The Range

If You Build It ...

Who's ready for some hockey? Evidently, enough of you to fill up a 12,500-seat arena, according to a study released last week by city officials. The national consulting firm Conventions, Sports & Leisure International tells us that a new arena could annually host 40 minor-league hockey games, 18 Ice Cats games, eight arena football games, a dozen concerts, a half-dozen horse-related events, six ice shows, three Monster Truck shows and at least two religious events.

City officials say a new arena would be way better than the current 34-year-old dump, which features lousy concessions, no luxury suites and dressing rooms that simply don't reach the standards of today's celebrities.

The city's demographics show that many residents are too old or too poor to attend regular hockey games or other events, but that college students, Mexican visitors and snowbirds have time and money to spare.

The consultants note that four hockey franchises have failed in Tucson, but suggest that a first-class arena will attract a first-class team, which in turn will draw a first-class crowd. Sure--just look how we support the Tucson Sidewinders out there at the reasonably new Tucson Electric Park! Oh, wait--their attendance is down near the bottom of the Pacific Coast League.

Next up: A report by the end of the year that will tell how much the arena will cost--and how we'll pay for it.

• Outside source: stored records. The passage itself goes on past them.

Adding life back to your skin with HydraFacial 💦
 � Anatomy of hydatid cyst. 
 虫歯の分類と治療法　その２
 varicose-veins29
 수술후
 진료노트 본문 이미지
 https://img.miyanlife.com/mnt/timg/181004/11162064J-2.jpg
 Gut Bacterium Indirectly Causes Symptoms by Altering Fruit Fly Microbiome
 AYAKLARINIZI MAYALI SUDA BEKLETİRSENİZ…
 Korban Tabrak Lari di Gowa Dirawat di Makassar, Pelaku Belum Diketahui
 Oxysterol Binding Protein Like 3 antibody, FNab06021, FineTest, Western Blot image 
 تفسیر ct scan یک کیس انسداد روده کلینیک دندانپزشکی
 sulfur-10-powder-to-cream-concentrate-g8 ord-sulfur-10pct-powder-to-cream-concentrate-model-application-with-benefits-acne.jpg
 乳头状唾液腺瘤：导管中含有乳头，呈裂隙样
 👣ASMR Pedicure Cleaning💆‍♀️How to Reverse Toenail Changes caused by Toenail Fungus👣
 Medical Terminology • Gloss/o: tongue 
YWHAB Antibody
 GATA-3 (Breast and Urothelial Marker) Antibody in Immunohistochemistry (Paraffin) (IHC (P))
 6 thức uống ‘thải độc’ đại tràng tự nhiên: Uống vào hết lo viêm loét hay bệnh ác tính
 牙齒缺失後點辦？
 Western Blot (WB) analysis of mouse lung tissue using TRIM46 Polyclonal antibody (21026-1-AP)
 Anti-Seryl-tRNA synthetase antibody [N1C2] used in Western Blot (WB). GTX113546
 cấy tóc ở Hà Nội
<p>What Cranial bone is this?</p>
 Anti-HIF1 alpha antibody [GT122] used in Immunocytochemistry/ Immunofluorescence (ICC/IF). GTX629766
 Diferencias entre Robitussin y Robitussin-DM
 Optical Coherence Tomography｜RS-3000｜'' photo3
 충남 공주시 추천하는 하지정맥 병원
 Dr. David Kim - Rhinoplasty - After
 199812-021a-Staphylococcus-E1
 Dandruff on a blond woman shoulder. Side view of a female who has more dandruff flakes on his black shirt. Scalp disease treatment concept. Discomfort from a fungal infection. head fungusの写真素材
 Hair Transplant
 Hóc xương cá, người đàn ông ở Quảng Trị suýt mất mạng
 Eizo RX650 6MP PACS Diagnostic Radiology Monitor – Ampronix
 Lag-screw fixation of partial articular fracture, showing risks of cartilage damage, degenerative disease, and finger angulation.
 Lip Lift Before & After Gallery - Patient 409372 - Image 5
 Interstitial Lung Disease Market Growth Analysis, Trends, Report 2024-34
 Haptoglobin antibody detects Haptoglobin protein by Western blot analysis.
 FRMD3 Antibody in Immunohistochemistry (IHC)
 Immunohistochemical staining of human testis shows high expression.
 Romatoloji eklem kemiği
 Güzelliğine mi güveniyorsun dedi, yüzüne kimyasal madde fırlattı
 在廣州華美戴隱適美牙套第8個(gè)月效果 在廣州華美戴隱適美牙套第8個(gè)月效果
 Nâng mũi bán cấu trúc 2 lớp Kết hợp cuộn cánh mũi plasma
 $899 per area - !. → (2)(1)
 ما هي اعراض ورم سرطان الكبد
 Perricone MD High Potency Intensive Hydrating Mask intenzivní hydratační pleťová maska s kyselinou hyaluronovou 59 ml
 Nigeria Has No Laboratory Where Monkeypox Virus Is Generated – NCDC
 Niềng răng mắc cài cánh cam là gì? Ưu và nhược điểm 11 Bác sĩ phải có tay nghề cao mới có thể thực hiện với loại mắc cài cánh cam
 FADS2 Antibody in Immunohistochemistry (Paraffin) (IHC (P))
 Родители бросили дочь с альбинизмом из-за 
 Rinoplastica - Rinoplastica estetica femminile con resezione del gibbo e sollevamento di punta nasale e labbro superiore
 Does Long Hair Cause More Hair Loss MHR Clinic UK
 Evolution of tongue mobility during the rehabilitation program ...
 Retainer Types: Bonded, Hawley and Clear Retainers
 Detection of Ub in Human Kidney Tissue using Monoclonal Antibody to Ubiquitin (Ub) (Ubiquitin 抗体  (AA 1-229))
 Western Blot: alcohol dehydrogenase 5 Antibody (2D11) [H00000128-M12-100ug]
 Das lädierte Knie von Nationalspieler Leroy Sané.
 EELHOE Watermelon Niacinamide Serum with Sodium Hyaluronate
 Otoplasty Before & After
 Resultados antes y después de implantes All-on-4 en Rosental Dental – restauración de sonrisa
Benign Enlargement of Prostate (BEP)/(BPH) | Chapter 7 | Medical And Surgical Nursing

Responding to a homicide wave earlier this year, the Tucson Police Department's Operations Division South has been cracking down on juvenile and violent crime since last May 27, according to Tucson Police Department spokesperson Lisa Peasley. The deployments, funded through federal grants, led to the arrest of 162 adults and 194 juveniles, as well as the seizure of 166 handguns, rifles and shotguns.

In last week's press release, Peasley noted that "there were no firearm-related deaths in Operations Division South since the emphasis of these deployments was shifted to aggressively pursuing seizures of firearms."

That is, until Wednesday, Sept. 14, when Juan Francisco Favela, 39, was shot to death while using a payphone in front of the La Mexicana Super Carniceria Market in the 4500 block of South Sixth Avenue. Three Hispanic men argued with Favela before one of them shot him.

Police said they charged Ruben Espinoza-Sanchez, 23, with one count of first-degree murder and booked him into Pima County Jail after he turned himself in on Friday, Sept. 16.

Greetings From Titan

New pics are arriving from the Range's favorite spacecraft, the Cassini probe that recently completed another fly-by of Titan, the mysterious moon of Saturn. Scientists from the Jet Propulsion Laboratory in Pasadena, Calif., say new radar images suggest a shoreline is present on Titan's surface.

"This is the area where liquid or a wet surface has most likely been present, now or in the recent past," said Steve Wall, radar deputy team leader, in a press release. "Titan probably has episodic periods of rainfall or massive seepages of liquid from the ground."

We imagine Rocky Point is a more inviting vacation spot this time of the year.

Girls Gone Wild!

Girl-on-girl action is officially on the rise! The federal government released a study last week that showed 18 percent of women ages 18 to 29 have fooled around at least once with another girl. Y'know, from what we've been seeing on TV and reading in Maxim, we kinda thought the percentages would be higher.

In any case, The Range encourages girls to remain open-minded and to explore their curiosity--and, hey, do you mind if we watch?

Sarah Fenske of the Phoenix New Times examined the hot bisexual trend in last week in "The Vagina Dialogues" (check it out at Fenske noted that "if blow jobs defined sexual relations in the Clinton era, in the Bush years we've got nothing but, well, bush."

Speaking of blowjobs, the federal study also noted that more than half of U.S. teens between 15 and 19 have had oral sex. Once upon a time, we at The Range thought we were born 20 years too late for all the fun in the '60s; now we realize we were born 20 years too soon for all the fun today.

Raising a Stink

The Copper Era, a fellow publication in the mighty Wick Communications empire, reported last week that East Plantside, Ariz., was struck by a foul odor of unknown origin.

"Other than a small girl being taken to the local medical clinic due to an apparent reaction to the odor, no harm was reported to people or property," according to Copper Era managing editor Walter Mares. "Things just smelled bad--really bad."

Mares quoted one area resident as saying the stench was "kind of like a skunk, but it would have had to have been one hell of a big skunk."

The odor eventually dissipated, according to Mares.